When changing a viewpoint to pay attention to treatment gas deposit piled up at a place relatively distant from the periphery of the wafer W on the susceptor 102, one answer can be obtained. That is, when the plasma impinging against the deposit layer formed by deposition of the treatment gas, highly reactive materials such as fluorine radicals or the like are considered to produce. Curve 3 in FIG. 15 is one obtained by plotting a distribution of thus generated fluorine radicals with distance from the center of the wafer W disposed on the susceptor as abscissa. As shown by the curve 3, in accordance with the rapid rise of the curve 1 in the neighborhood of the periphery of the wafer W, in the proximity of the periphery of the wafer W, an amount of the fluorine radicals rapidly increases.
From the above, a portion from a left hand side to the center of the curve 1, that is a portion from the center toward the periphery of the wafer W reflects an influence of the oxygen radicals shown by the curve 2. A portion of a right hand side of the curve 1, that is the surroundings of the periphery of the wafer W is considered to reflect an influence of fluorine radicals of the curve 3 that is considered to generate from the deposit.
When judging from a temperature distribution point of view only, it is only needed to cool the compensation ring. However, on the other hand, when the compensation ring is cooled, the fluorine radicals generated due to plasma bombardment on the deposit that is formed by deposition of material contained in the treatment gas become to largely affect. As a result, the etch rate at the periphery of the wafer W is considered to increase rapidly. That is an antinomic problem.

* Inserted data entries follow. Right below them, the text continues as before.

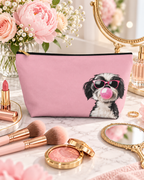 Shih Tzu makeup pouch with printed dog artwork — image 7 of 9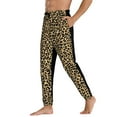 thumbnail image 3 of Kdxio Leopard Print Pattern Joggers,Sweatpants for Men with Pockets-Medium, 3 of 5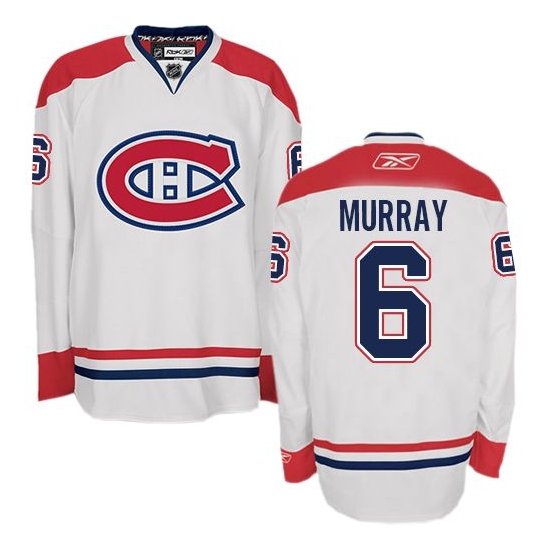Douglas Murray Montreal Canadiens Premier Away Reebok Jersey - White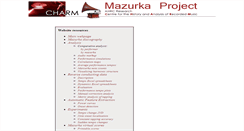Desktop Screenshot of mazurka.org.uk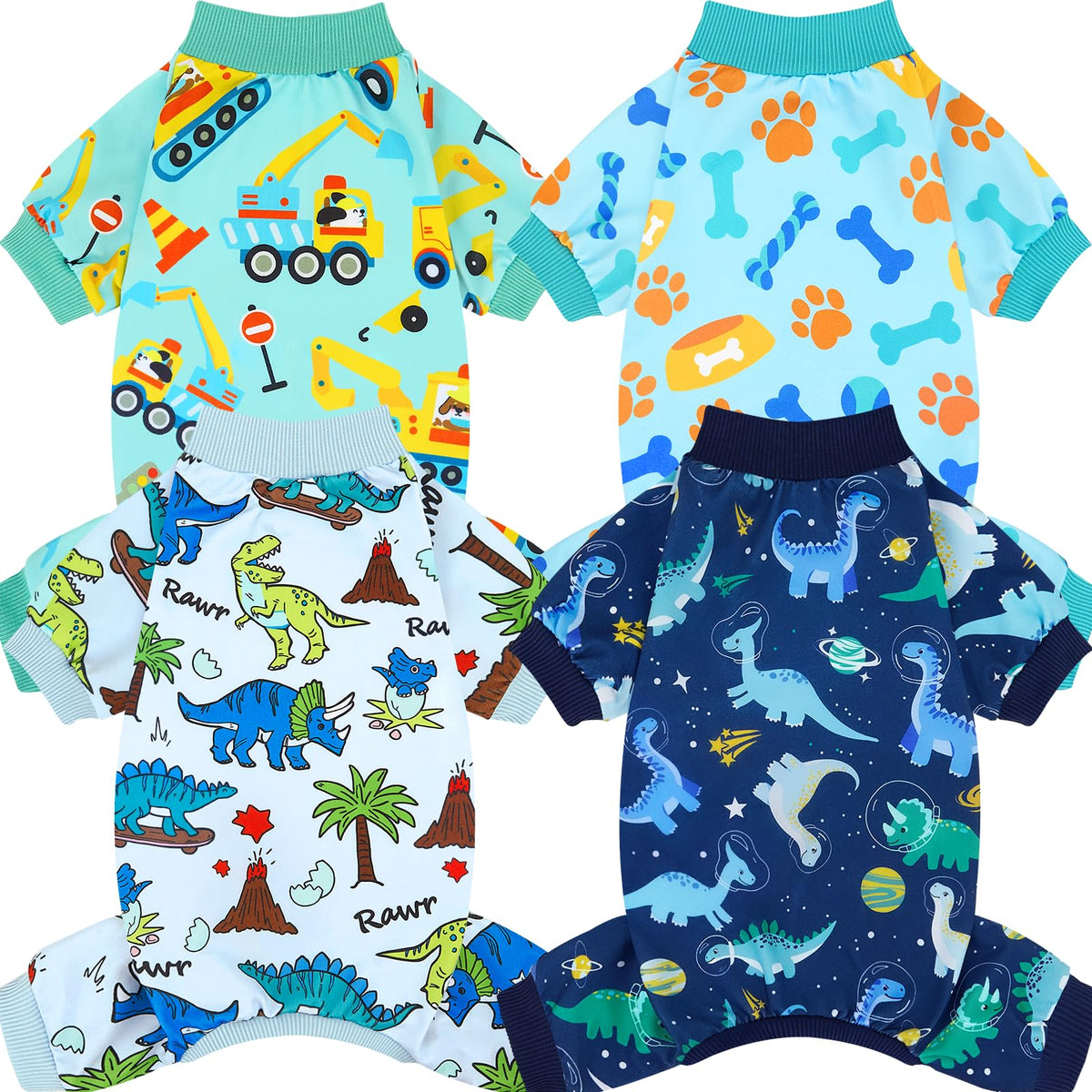 XPUDAC dog pajamas set of 4 on dogs for cozy all-season sleepwear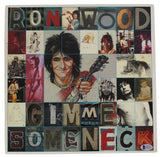 Ronnie Wood Authentic Signed Gimme Some Neck Album Cover W/ Vinyl BAS #E37712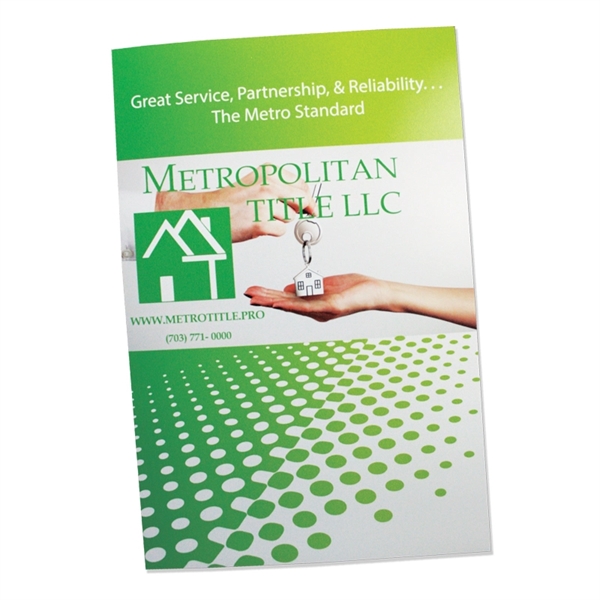 Full Color Printed Legal Size presentation folder with two 4-1/2" pockets,... from ASI 32050 Admore / Admore®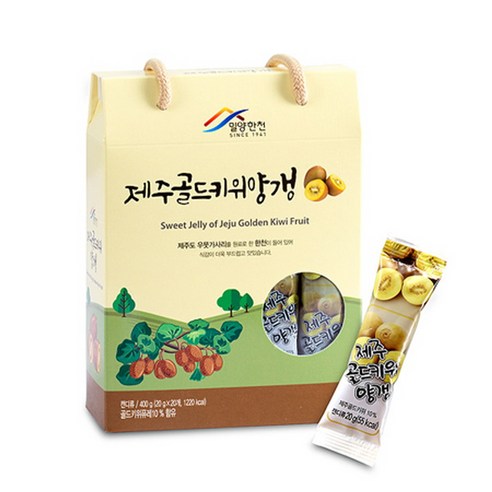 하늘뜰 밀양한천 골드키위양갱 20개입(지함), 1박스, 400g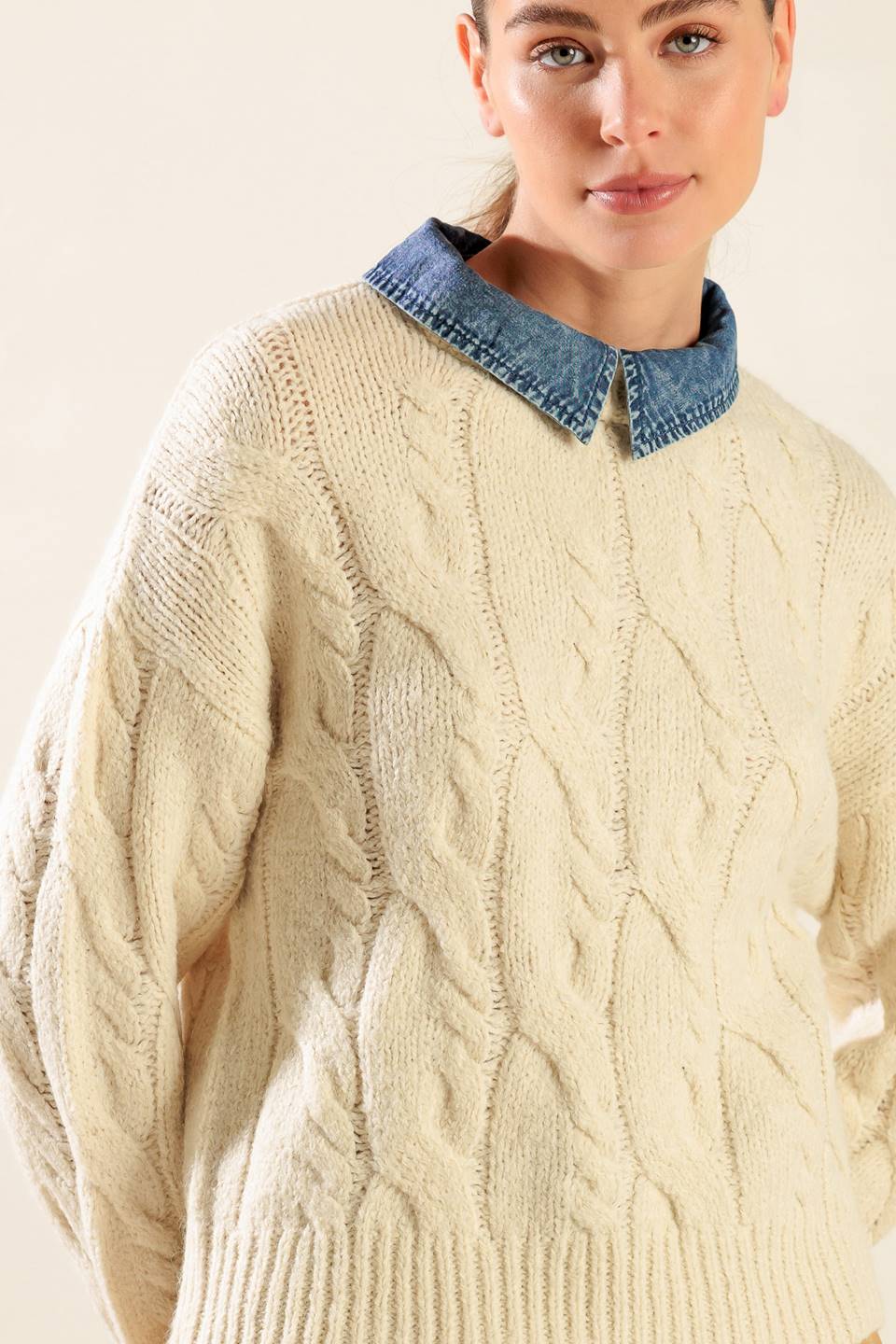 TOTALLY SMITTEN PULLOVER SWEATER TOP - Mack & Harvie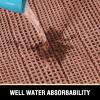 imageHVERSAILTEX Waffle Bath Mat Super Absorbent Bathroom Mats Non Slip Bath Rugs for Bathroom Floor Machine Washable Ultra Soft Bathroom Rugs for Beside Tub 32 x 20 Plus 24 x 17  Inches Irish CreamSoft Pink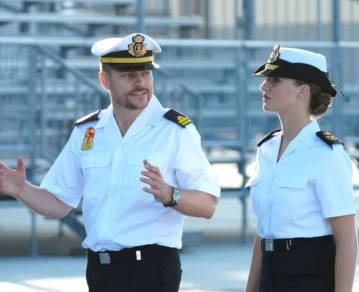 Leonor en la Escuela Naval de Marin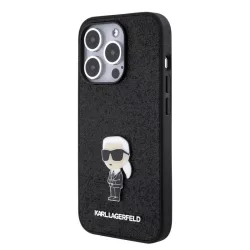   HUSĂ! - Apple iPhone 16 Pro KARL LAGERFELD KLHCP16LGKNPSK Glitter Back Cover - Negru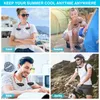Portable Hanging Neck Fans USB Rechargeable Leafless Mini Air Cooling Fan Air Conditioner Wearable Neckband Fans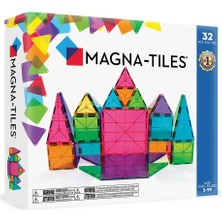 MAGNA-TILES® - Clear Color Set Manyetik Bloklar - 32 Parça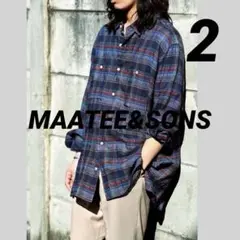 MAATEE&SONS WORK SHIRTS MIX MADRAS 2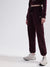 DKNY Women Maroon Solid Regular Fit Sweatpant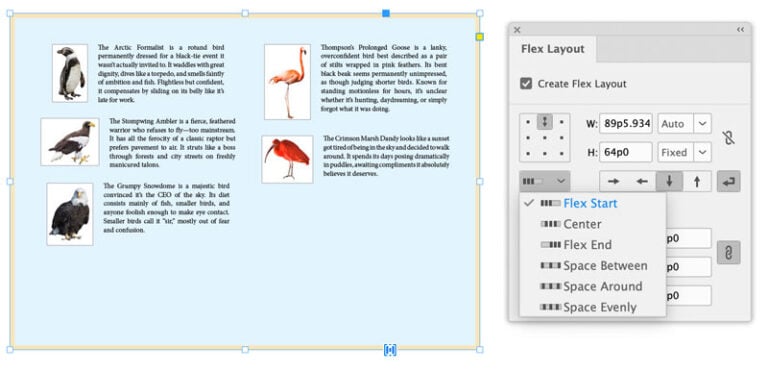 Getting Started with Flex Layout in InDesign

The present invention is made to overcome the aforementioned problems. That is, the object of the present invention is to provide apparatus and a method for plasma treatment where even after a successive treatment of a plurality of substrates to treat, quality of the treated substrates varies less due to the turn of the treatment and the treatment can be uniformly implemented over an entire substrate to treat.